Each entry has to be reproduced in full, exactly as given.
Records to process Start Marker
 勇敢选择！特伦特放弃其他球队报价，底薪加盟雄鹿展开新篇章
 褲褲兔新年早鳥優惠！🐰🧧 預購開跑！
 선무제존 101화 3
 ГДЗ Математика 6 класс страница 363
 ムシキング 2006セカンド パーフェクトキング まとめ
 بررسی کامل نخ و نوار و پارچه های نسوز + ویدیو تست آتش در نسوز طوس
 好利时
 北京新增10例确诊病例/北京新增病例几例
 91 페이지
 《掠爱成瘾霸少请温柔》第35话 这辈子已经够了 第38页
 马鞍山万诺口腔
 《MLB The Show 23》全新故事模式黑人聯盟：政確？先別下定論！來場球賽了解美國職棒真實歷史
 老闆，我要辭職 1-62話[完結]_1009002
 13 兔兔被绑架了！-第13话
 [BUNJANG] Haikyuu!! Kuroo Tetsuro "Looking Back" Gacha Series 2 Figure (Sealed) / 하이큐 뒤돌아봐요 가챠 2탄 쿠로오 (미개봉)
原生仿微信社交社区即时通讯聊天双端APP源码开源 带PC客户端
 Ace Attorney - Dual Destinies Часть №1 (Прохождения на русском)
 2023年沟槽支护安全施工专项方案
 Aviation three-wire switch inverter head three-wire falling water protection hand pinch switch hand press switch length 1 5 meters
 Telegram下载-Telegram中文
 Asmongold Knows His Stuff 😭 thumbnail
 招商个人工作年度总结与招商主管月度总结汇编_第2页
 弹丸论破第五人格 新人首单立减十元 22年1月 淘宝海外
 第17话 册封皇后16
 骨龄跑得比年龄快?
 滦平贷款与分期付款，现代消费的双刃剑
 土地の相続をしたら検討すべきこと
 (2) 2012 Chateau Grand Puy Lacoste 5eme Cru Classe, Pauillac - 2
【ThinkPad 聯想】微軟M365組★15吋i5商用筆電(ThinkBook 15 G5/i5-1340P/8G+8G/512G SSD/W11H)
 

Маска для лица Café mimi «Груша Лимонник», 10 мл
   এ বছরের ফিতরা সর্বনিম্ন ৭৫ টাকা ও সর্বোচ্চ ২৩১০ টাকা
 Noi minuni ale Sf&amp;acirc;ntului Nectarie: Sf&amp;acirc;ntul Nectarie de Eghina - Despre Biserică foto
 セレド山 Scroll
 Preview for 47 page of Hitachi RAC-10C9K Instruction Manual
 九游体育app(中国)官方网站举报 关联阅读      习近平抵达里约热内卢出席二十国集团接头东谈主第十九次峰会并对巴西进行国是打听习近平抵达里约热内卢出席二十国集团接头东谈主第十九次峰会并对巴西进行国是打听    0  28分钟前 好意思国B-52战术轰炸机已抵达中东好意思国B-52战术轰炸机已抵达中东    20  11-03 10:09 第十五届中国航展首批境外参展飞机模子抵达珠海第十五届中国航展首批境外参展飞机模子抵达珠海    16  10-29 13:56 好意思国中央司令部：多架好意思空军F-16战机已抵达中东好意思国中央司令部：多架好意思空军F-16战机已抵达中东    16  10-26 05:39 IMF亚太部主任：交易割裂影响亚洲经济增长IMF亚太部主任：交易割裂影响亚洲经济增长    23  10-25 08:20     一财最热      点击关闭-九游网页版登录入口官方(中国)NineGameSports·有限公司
Records to process End Marker
| Answer space |
 勇敢选择！特伦特放弃其他球队报价，底薪加盟雄鹿展开新篇章
 褲褲兔新年早鳥優惠！🐰🧧 預購開跑！
 선무제존 101화 3
 ГДЗ Математика 6 класс страница 363
 ムシキング 2006セカンド パーフェクトキング まとめ
 بررسی کامل نخ و نوار و پارچه های نسوز + ویدیو تست آتش در نسوز طوس
 好利时
 北京新增10例确诊病例/北京新增病例几例
 91 페이지
 《掠爱成瘾霸少请温柔》第35话 这辈子已经够了 第38页
 马鞍山万诺口腔
 《MLB The Show 23》全新故事模式黑人聯盟：政確？先別下定論！來場球賽了解美國職棒真實歷史
 老闆，我要辭職 1-62話[完結]_1009002
 13 兔兔被绑架了！-第13话
 [BUNJANG] Haikyuu!! Kuroo Tetsuro "Looking Back" Gacha Series 2 Figure (Sealed) / 하이큐 뒤돌아봐요 가챠 2탄 쿠로오 (미개봉)
原生仿微信社交社区即时通讯聊天双端APP源码开源 带PC客户端
 Ace Attorney - Dual Destinies Часть №1 (Прохождения на русском)
 2023年沟槽支护安全施工专项方案
 Aviation three-wire switch inverter head three-wire falling water protection hand pinch switch hand press switch length 1 5 meters
 Telegram下载-Telegram中文
 Asmongold Knows His Stuff 😭 thumbnail
 招商个人工作年度总结与招商主管月度总结汇编_第2页
 弹丸论破第五人格 新人首单立减十元 22年1月 淘宝海外
 第17话 册封皇后16
 骨龄跑得比年龄快?
 滦平贷款与分期付款，现代消费的双刃剑
 土地の相続をしたら検討すべきこと
 (2) 2012 Chateau Grand Puy Lacoste 5eme Cru Classe, Pauillac - 2
【ThinkPad 聯想】微軟M365組★15吋i5商用筆電(ThinkBook 15 G5/i5-1340P/8G+8G/512G SSD/W11H)
 

Маска для лица Café mimi «Груша Лимонник», 10 мл
   এ বছরের ফিতরা সর্বনিম্ন ৭৫ টাকা ও সর্বোচ্চ ২৩১০ টাকা
 Noi minuni ale Sf&amp;acirc;ntului Nectarie: Sf&amp;acirc;ntul Nectarie de Eghina - Despre Biserică foto
 セレド山 Scroll
 Preview for 47 page of Hitachi RAC-10C9K Instruction Manual
 九游体育app(中国)官方网站举报 关联阅读      习近平抵达里约热内卢出席二十国集团接头东谈主第十九次峰会并对巴西进行国是打听习近平抵达里约热内卢出席二十国集团接头东谈主第十九次峰会并对巴西进行国是打听    0  28分钟前 好意思国B-52战术轰炸机已抵达中东好意思国B-52战术轰炸机已抵达中东    20  11-03 10:09 第十五届中国航展首批境外参展飞机模子抵达珠海第十五届中国航展首批境外参展飞机模子抵达珠海    16  10-29 13:56 好意思国中央司令部：多架好意思空军F-16战机已抵达中东好意思国中央司令部：多架好意思空军F-16战机已抵达中东    16  10-26 05:39 IMF亚太部主任：交易割裂影响亚洲经济增长IMF亚太部主任：交易割裂影响亚洲经济增长    23  10-25 08:20     一财最热      点击关闭-九游网页版登录入口官方(中国)NineGameSports·有限公司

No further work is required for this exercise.